Sustainability in Art Classes: A Proposal

In recent years, Belmont Hill has seen a surge in demand for and popularity of environmentally-conscious classes. From the consistent enrollment of seniors in AP Environmental Science to the creation of a new senior inquiry, “Energy: Economy, Environment, and National Security” taught by Dr. Buckley, it seems many departments have made strides to include the environment into their curriculum, but not the arts. Although students are only required to take one semester of participatory arts from Forms III to VI, these classes serve a unique role in BH students’ academic careers – they are among the first opportunities to take an elective course – and that shouldn’t be taken lightly. Essentially, ambassadors for the arts at Belmont Hill as well as for the larger selection of electives available on campus, participatory art classes may weigh heavily on students’ course selection process. If students see these courses as just another hoop to jump through in order to graduate, the future does not bode well for the Arts Department and, by extension, other departments with electives. Instead of actively engaging and participating in electives with interest and enthusiasm, students will probably try to coast through a course with minimal effort and, given the choice, may even seek to avoid electives in the future. Thus, it is in the best interest of the Arts Department to adapt to the changing times and to include environmentally-focused classes in their curriculum.

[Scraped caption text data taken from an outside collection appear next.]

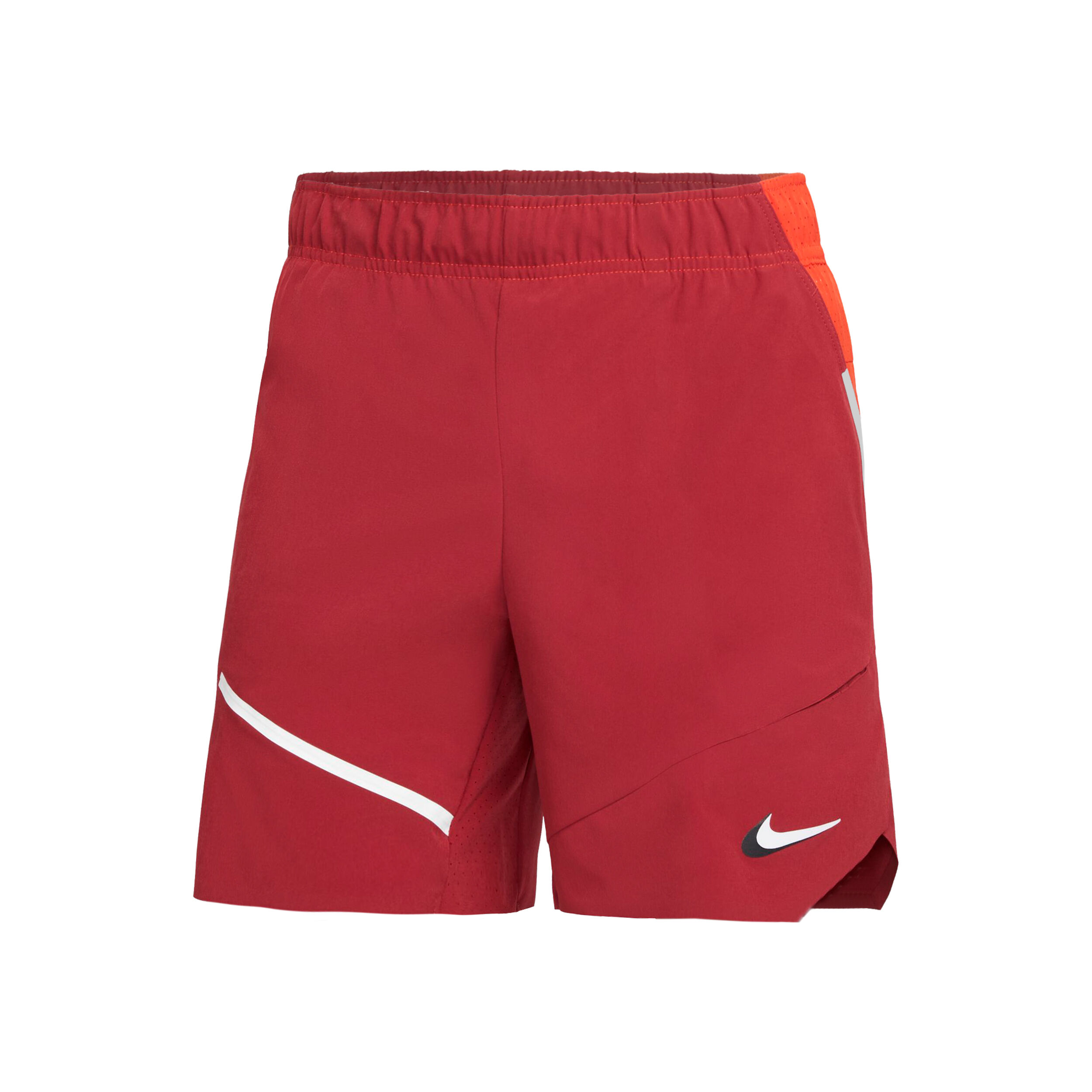 Nike flex shorts red discount
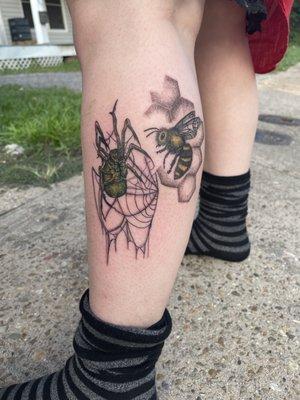 Tattoo by M'Lyn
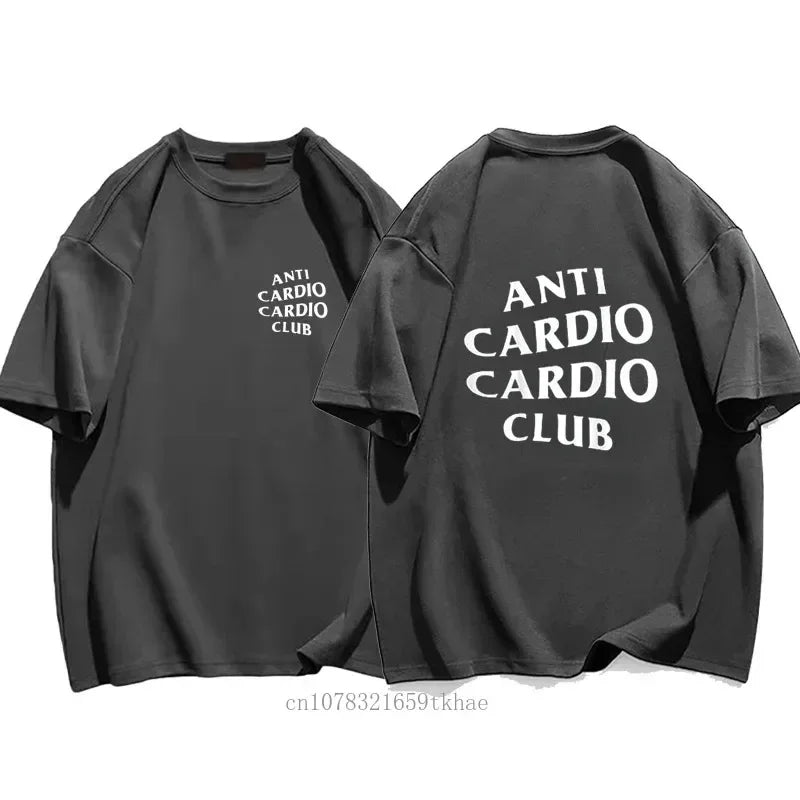 Plus Size Anti Cardio Club T-Shirt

Creating art through upcycling could be a great basis for the flagship course in the arts emphasizing environmentalism. Upcycling is the act of reusing discarded objects to create a product of higher quality or value. In art, that would like using trash or recyclable materials to create sculptures, clothes, etc. The benefit of a class centered around this premise would be two-fold. For one, the art department would be able to attract environmentalists among the student body to take more classes or to take a greater interest in an art requirement. Furthermore, by introducing an upcycling course, the Arts Department would promote much-needed sustainability on the Belmont Hill campus and may even help to significantly reduce the school’s environmental footprint, something which I am sure the Sustainability Club would appreciate. I really hope the Arts Department will consider such a change. I know I would be in Robsham more because of it.